Sea Isle`s IceMan is Cool

by 6 ABC-AP | Aug 15, 2002
Sea Isle`s IceMan is Cool Joe Romano Jr. is an on-the-rocks kind of guy. Eight-pound bags, 10-pound bags, really big blocks for carving, he handles it all through his family's Sea Isle Ice Co.

"Untouched by human hands, until it gets to the customer," Romano said of the ice that is processed at the company's plant in Woodbine and distributed from there and a bay-view location at 42nd Street and Park Road in Sea Isle City.

In and out of both locations, Romano is more comfortable in jeans and a sweat shirt than in the shorts and T-shirts that other shore businessmen sport.

Supervising retail sales at the Sea Isle loading dock and more than 30 trucks making deliveries up and down 100 miles of the Garden State Parkway from Neptune to Cowtown, his is the voice you're most likely to hear answering the company telephone.

And he's almost always working.
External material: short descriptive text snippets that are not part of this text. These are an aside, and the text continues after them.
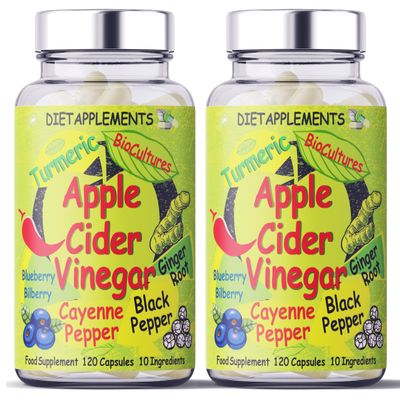 2 Bottles (240 Capsules) Raw, Unfiltered Apple Cider Vinegar with The Mother | Turmeric, Ginger, Black Pepper, Cayenne Pepper, Blueberries, Bilberries | High Strength Bio Cultures | Vegan Capsules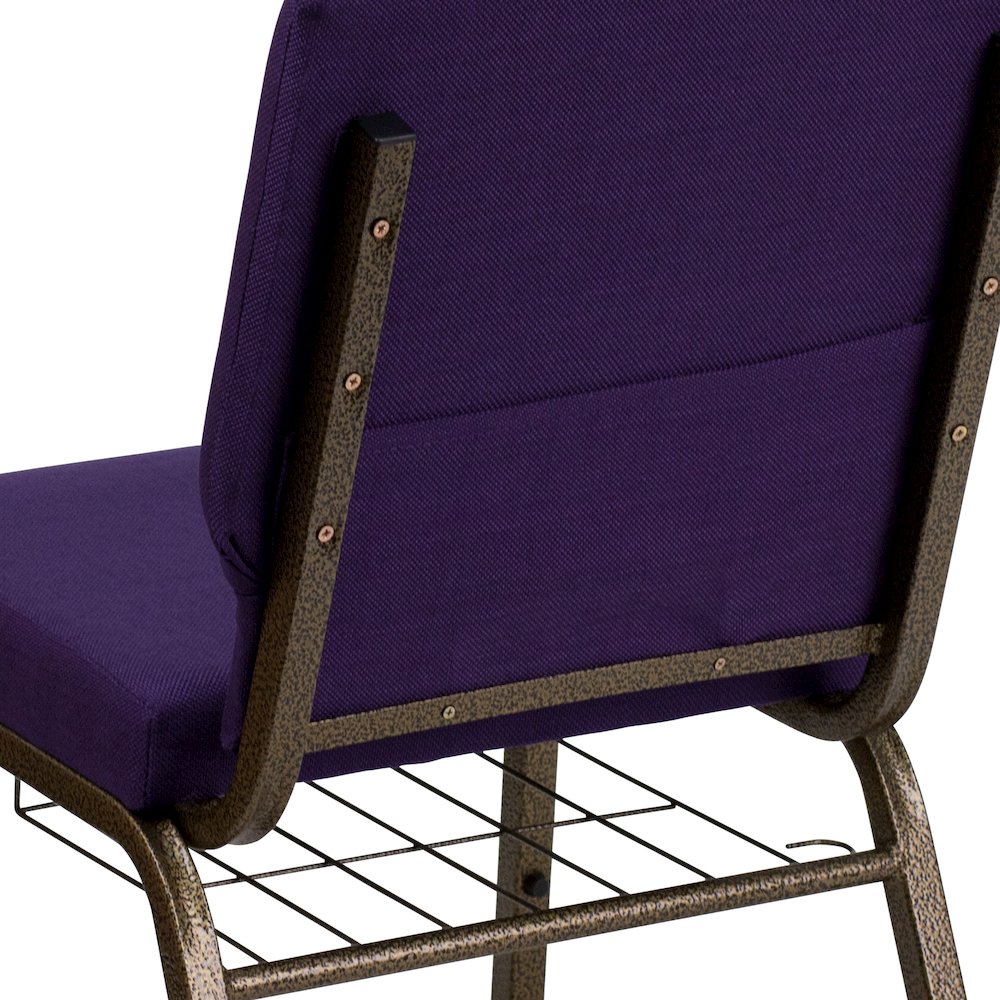 18.5''W Church Chair in Royal Purple Fabric with Cup Book Rack - Gold Vein Frame. Picture 3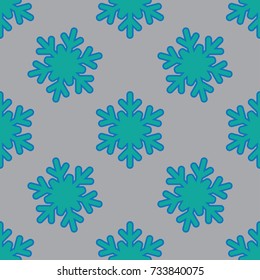 Seamless pattern with snowflakes on gray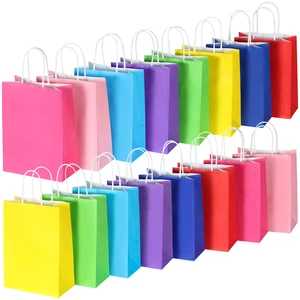 Colorful Paper Corporate Gift Bags Twisted Handle Shopping Bags Custom Logo Party Favor Packaging Environment-Friendly 4-Color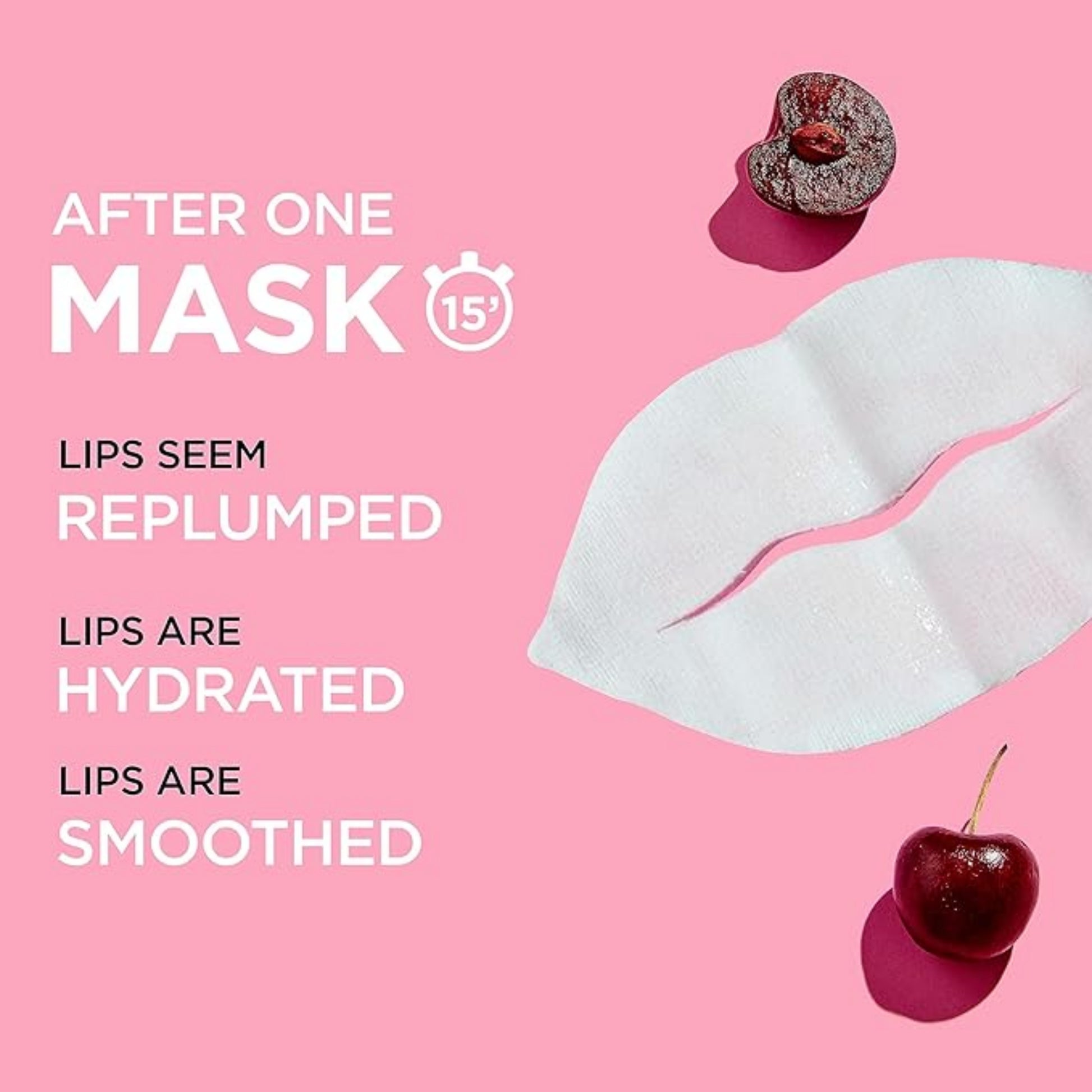 Lip mask with cherry on pink background and text about mask benefits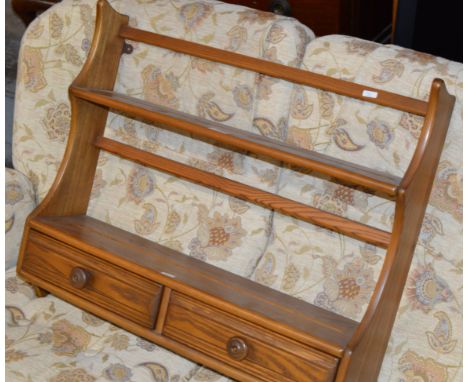 ERCOL LIGHT OAK PLATE RACK WITH 2 DRAWERS     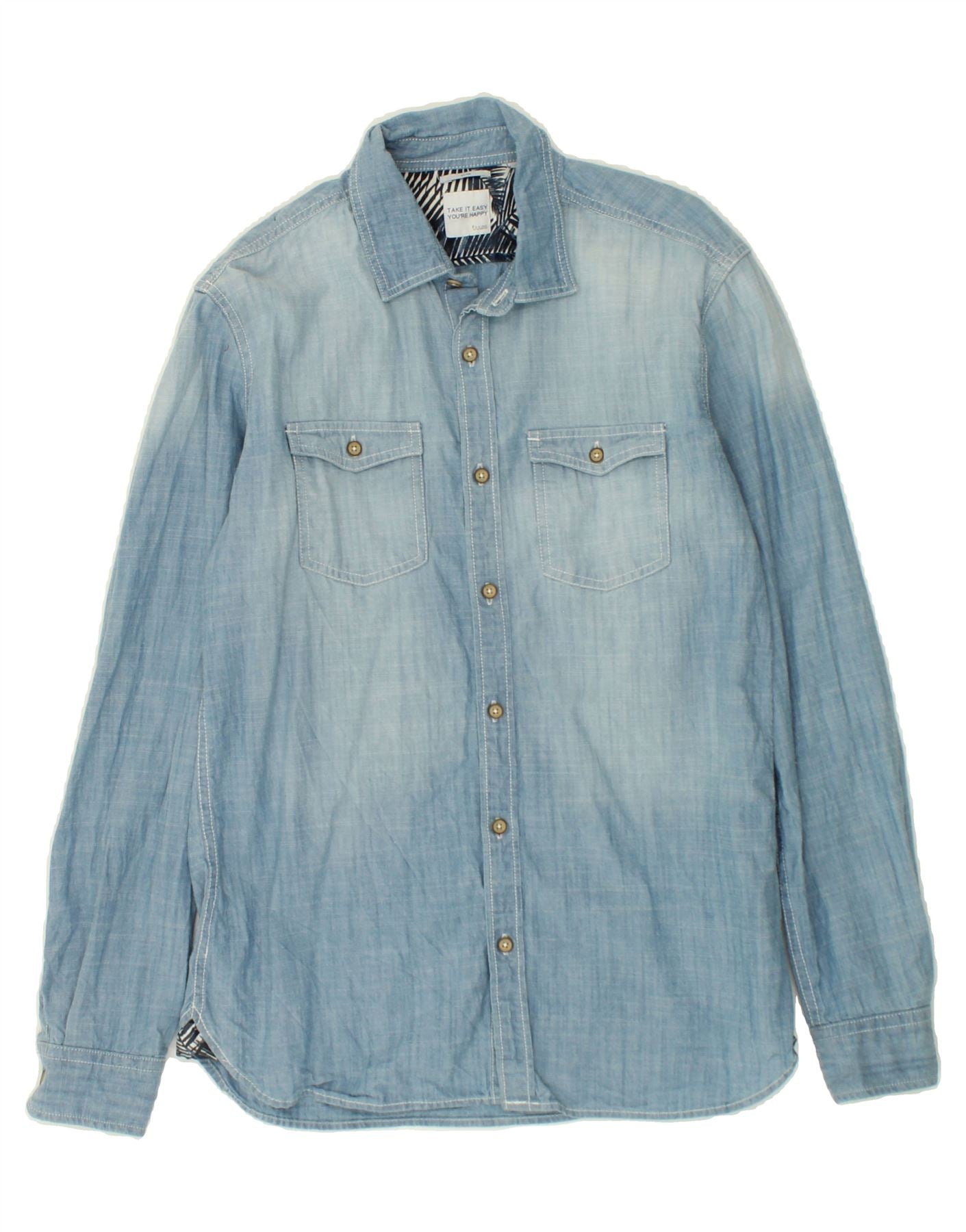 image of JULES Mens Slim Shirt Medium Blue Cotton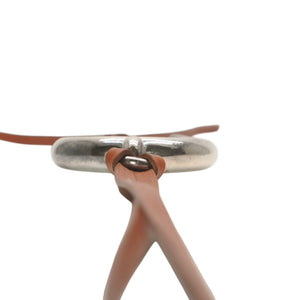 HERMES Leather Necklace Choker Horse Tackle Brown Leather String Silver Hardware Good Condition Used 4b013966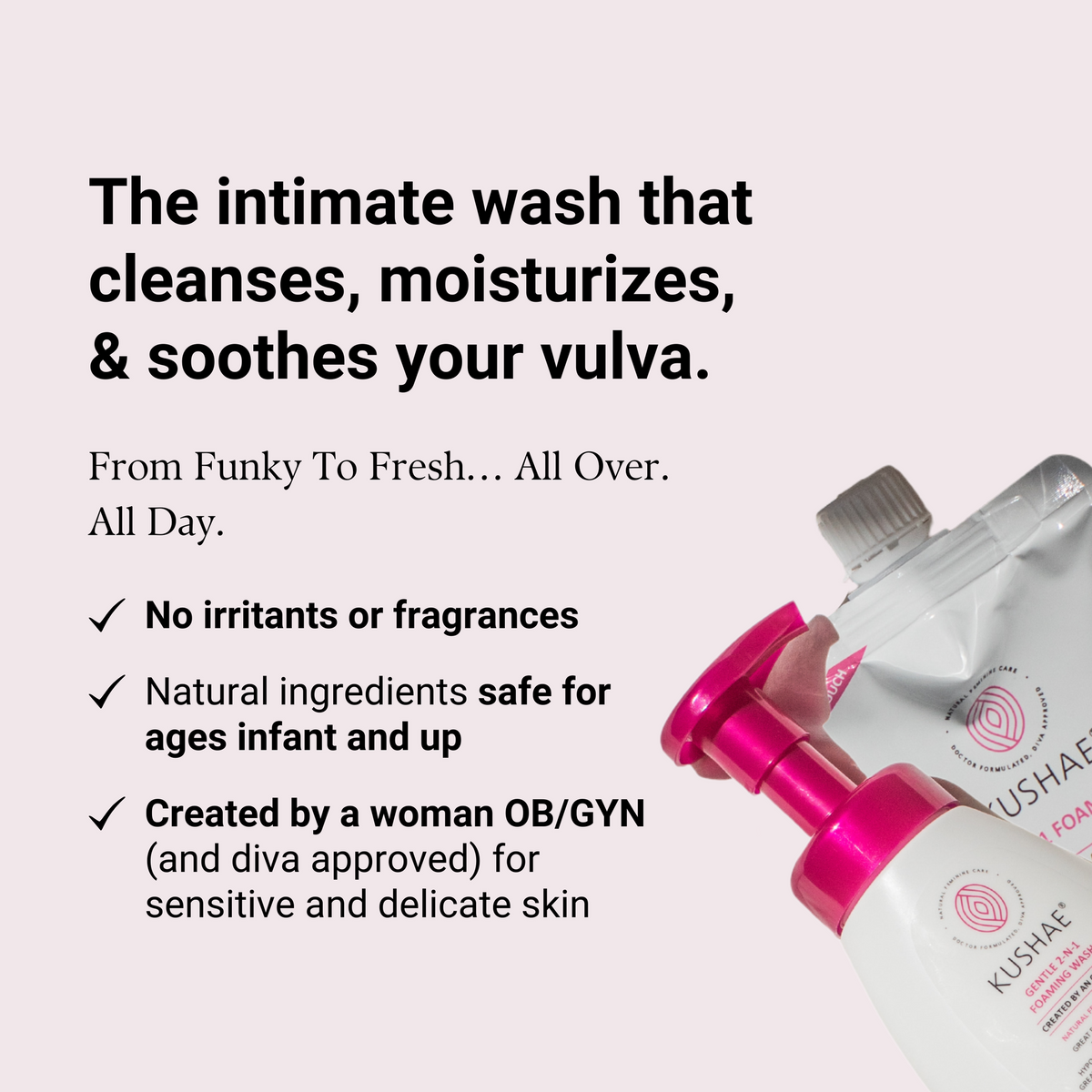 Kushae Pump & Pouch Duo - Gentle 2n1 Foaming Wash Set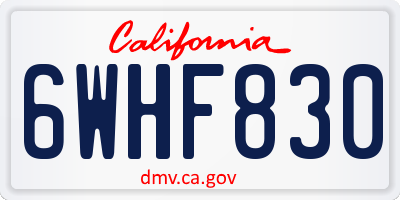 CA license plate 6WHF830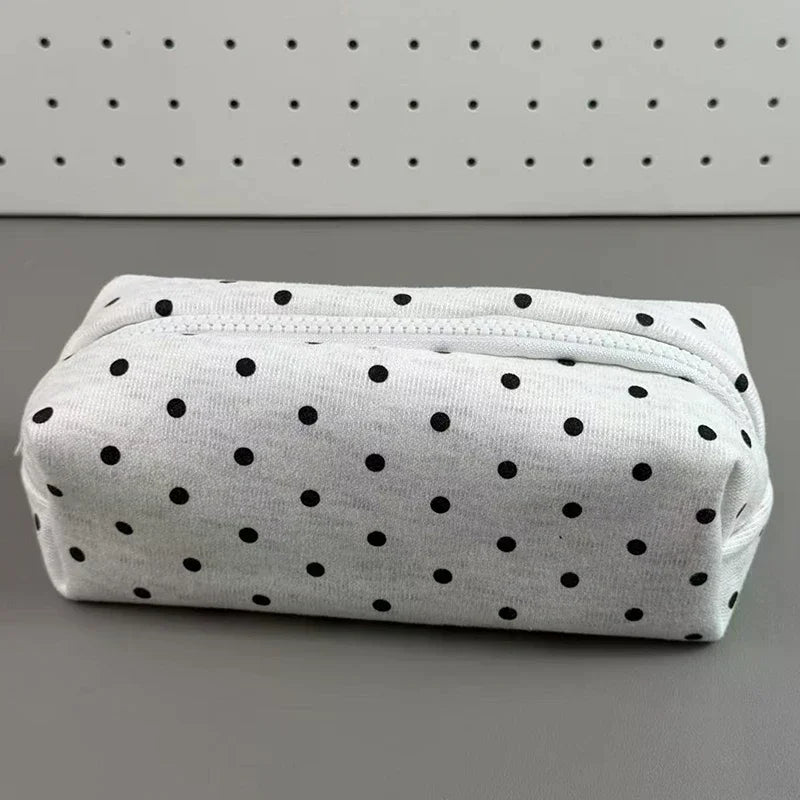 Polka Dot Pencil Case Large Capacity Soft Fabric Pen Bag Pencil Case Richie's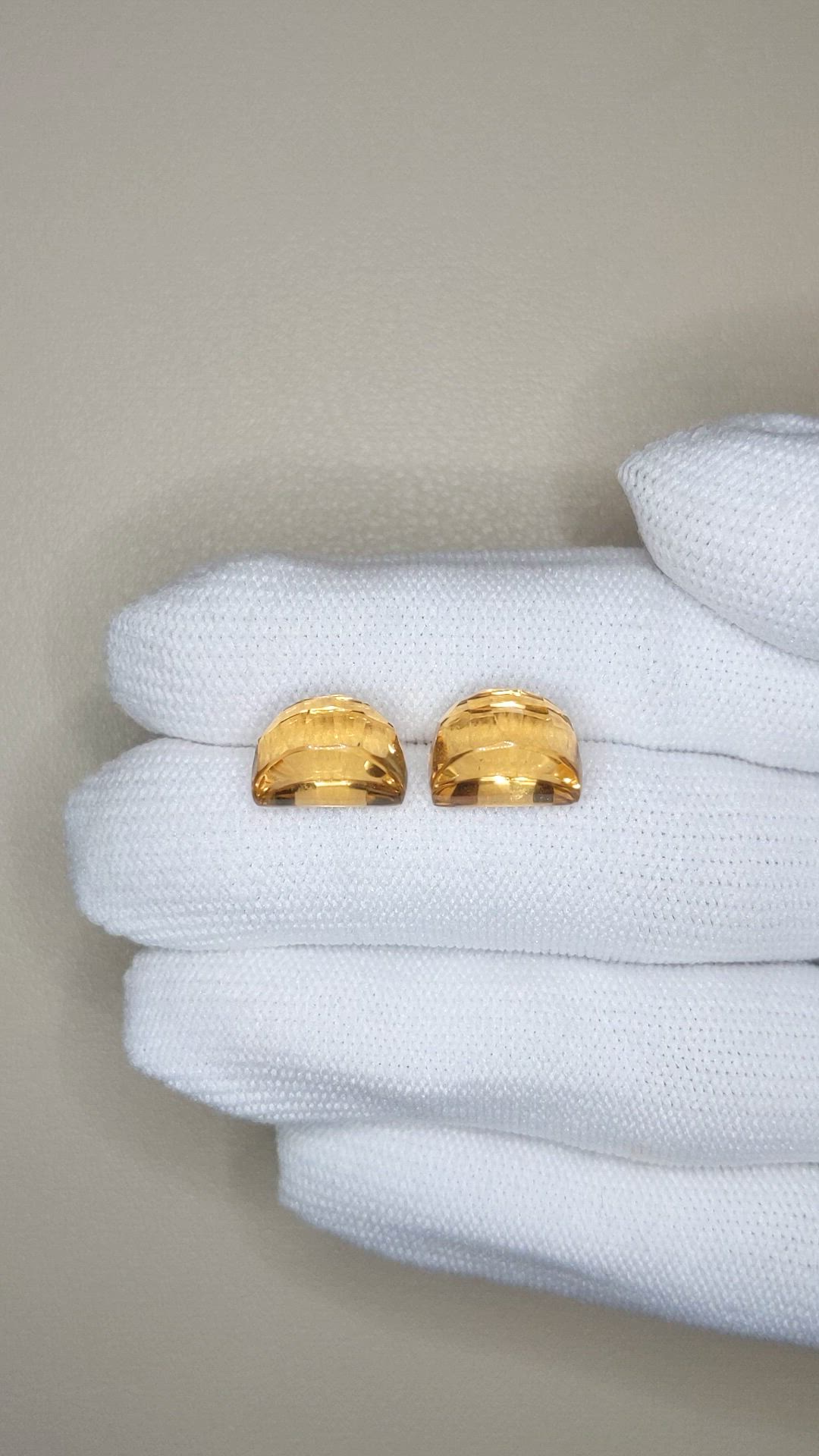 12.24 Ct.Tw.Total Carat Weight Yellow Citrine Pair from Brazil Size Video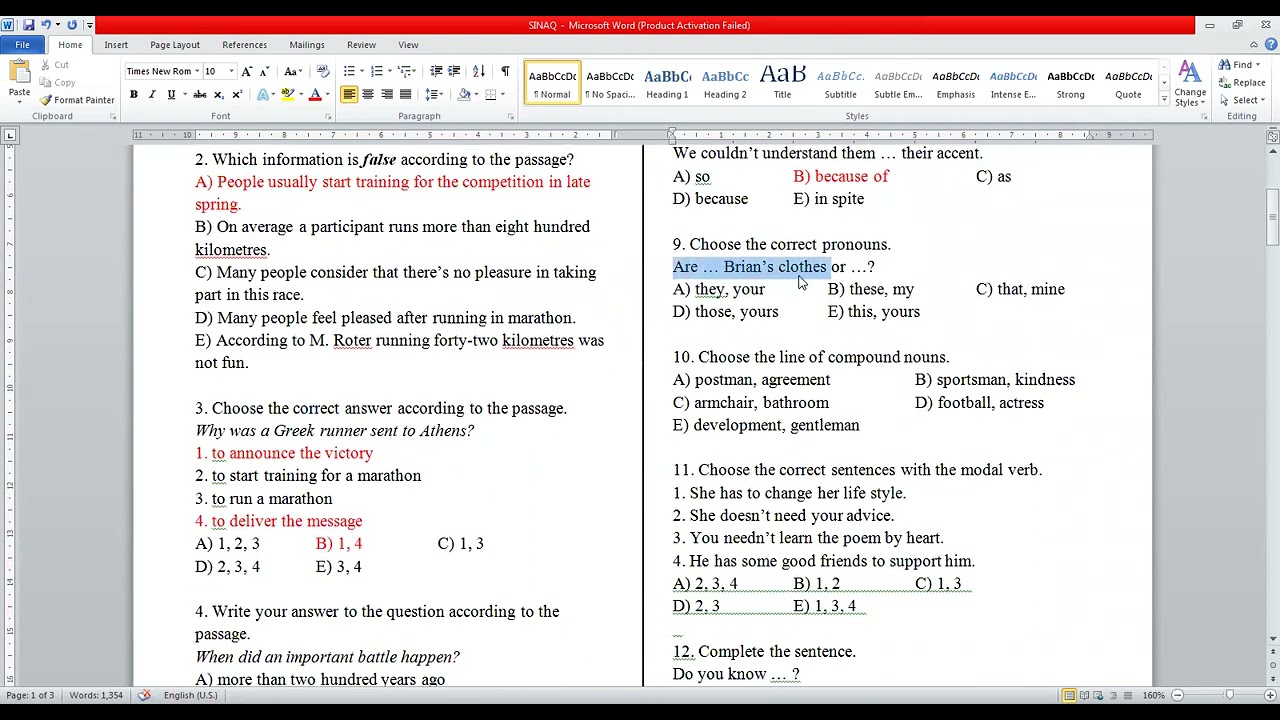 İngilis dili buraxılış sınaq (7) / Buraxilis imtahani / İngilis dili sınaq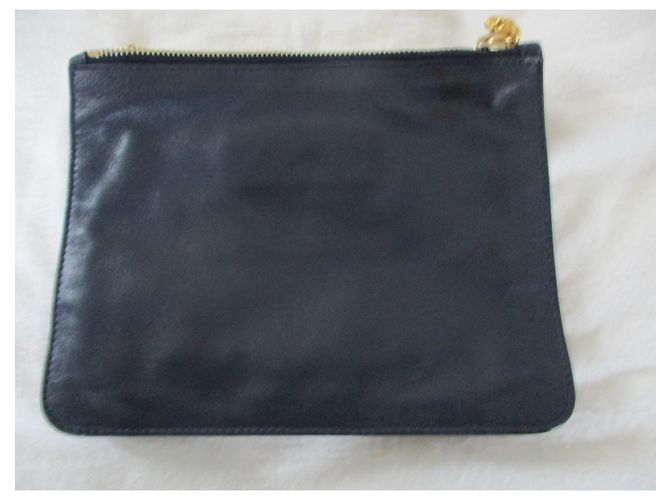 Alexander Mcqueen astuccio foderato in pelle blu navy. - vista 4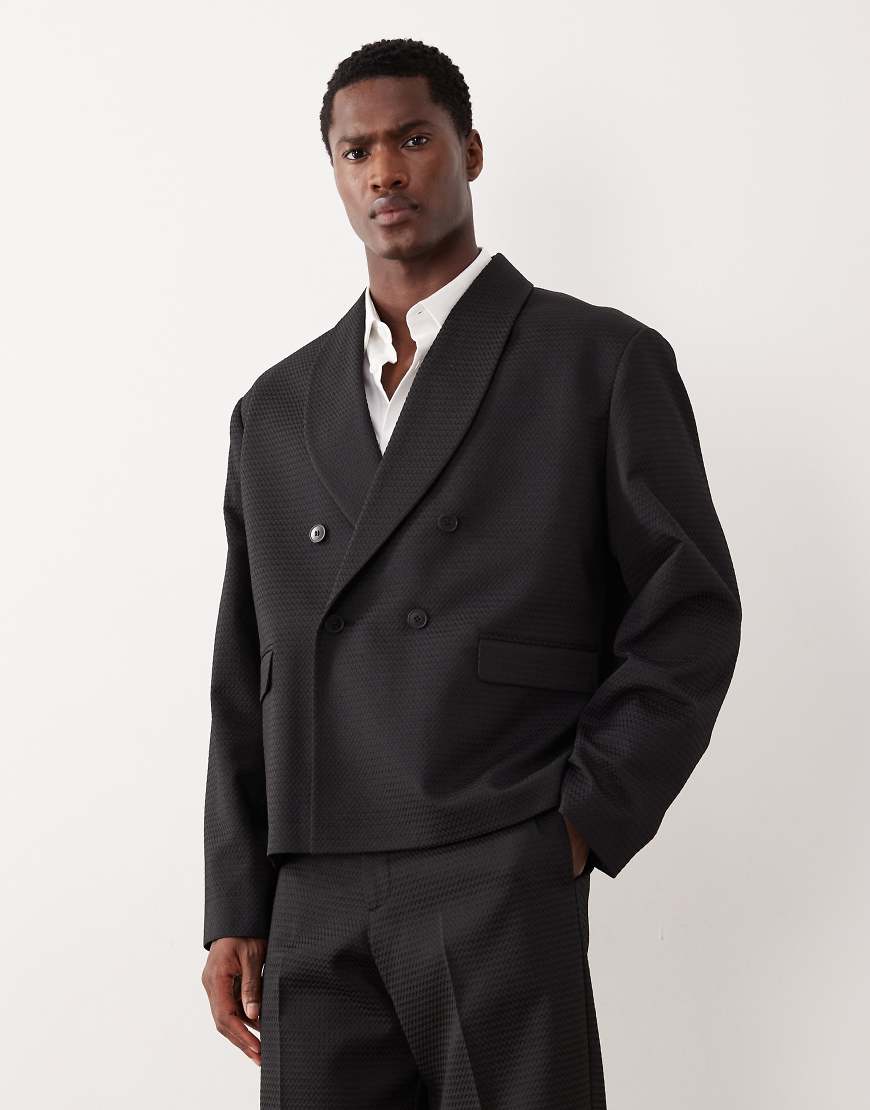 ASOS DESIGN - Kastige Jacquard-Anzugjacke in Schwarz von ASOS DESIGN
Seven days a week when the temperature rises above 90 degrees; six days a week otherwise.

"When it's really hot, people chase the trucks down the street, begging for ice. They stop in to buy a few bags and ask to stand just for a few minutes in the refrigerated storage rooms. Then two days later, it's cooler, and they don't even wave," Romano said.

Think of a shore vacation without ice. Nothing to keep the beer and soda chilled in the cooler; nothing to toss into the blender to make frosty coolers or tropical daiquiris; nothing to keep perishables safe at the campsite; and nothing to keep the fish from stinking on the boat.

Romano's product is a staple of life at the shore and whether it's bought at the convenience store, the beer distributor, the supermarket or the bait shop, more than likely it's produced and bagged at his Woodbine plant.

Want some ideas of how many bags of ice get delivered on a hot summer day? Steve Davis, manager of the Wawa at 38th Street and Landis Avenue, said the ice cooler inside his store is always loaded up by 10 a.m. daily in the summer. More deliveries, of 20 to 30 eight-pound bags in each batch, are made at least three times during the rest of the day.

"And they're always 10 minutes away if we're running low," said Davis.

A new half-million-dollar piece of equipment at the plant pours out 70 tons of ice. The machine then weighs the ice, makes a plastic bag to hold it, dates it and seals it. Forty bags a minute, according to Romano. The equipment practically runs itself, he said.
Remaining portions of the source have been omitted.